Now, yes, the market has been challenged and we believe that the and of course we would rather have growing markets. But looking at the Klaus Olsson proposition versus customers having a strong assortment that is based on real customer needs. Make customer choose Klaus Olsson. Once they enter a store online, they find a lot of other products that they really need, buy and use for a long time. So that in combination with the right price position and great customer service has given us an opportunity to grow despite the markets. And of course, that is our focus also forward. We can't do that much about the overall market. So it's all about our own performance. And I think the recent results have shown that we are able to go against the market here.
And just to build on that, and also we mentioned it earlier during the call or during the Q&A session, that some comments about the competitive environment.
I think I've covered that. It is very competitive, both from local and global players. And it's all about focusing on the things that make a difference for your customers. And investing in the competitive advantages of Klaus Olsson. So of course, we're closely monitoring the market development and all the competitors on
a global basis. And furthermore, then based on sales in August, also Finland is picking up in growth. And do you see that as a result of your own capabilities or is the market picking up right now? And what's your expectations for the coming months?
So in general, there are no signs of a market pick up in Finland. So the development for Klaus Olsson in Finland, I judge being very much driven by our activities and our actions. As you mentioned here, the growth organically was slightly higher in August, but that's just one month. But all in all, it's going slightly in the right direction. And we are currently focusing a lot on the sortment in Finland and on our Econ business. As you've seen, we have not announced any new store openings here and now in Finland.
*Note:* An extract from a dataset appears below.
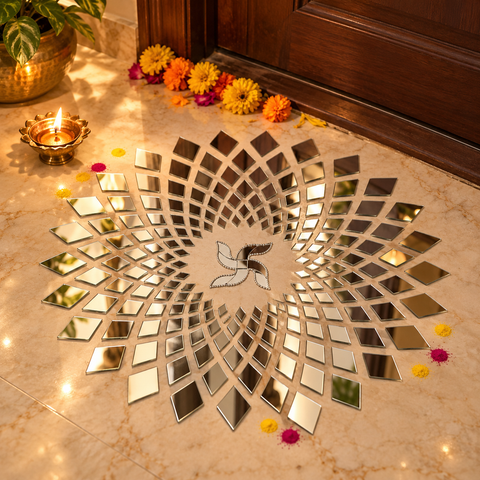 Ready to Use Round Mirror Rangoli on Transparent Sheet – Geometric Silver Mirror Design for Home & Festive decor ST-98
So we're focusing very much on the sortment online and brand.
And finally, then Finland is increasing VAT. Could you elaborate a bit on the impact on Klaus Olsson and how any actions you have taken to mitigate this?
So the VAT increase is obviously broad based for everybody in the market. And as always, we work actively with our pricing to ensure that we are competitive from the pricing point of view, while at the same time delivering the desired margin. So it's a balance act, of course, when something like that happens, but it's the same for everybody in the market. So we're monitoring that and we're working actively with our own pricing in line with our pricing strategy.
And that was it when it comes to questions from the webcast. So any final remarks, Kristoffer?
Thank you very much. Thanks for all the great questions. So again, now we have closed one quarter, which obviously was strong and in line with our plan. I also think we have seen a good start to Q2. And now it's all about executing the fall and the very important Christmas period for us before we meet again in December for the Q2 report. So thank you very much for taking the time this morning.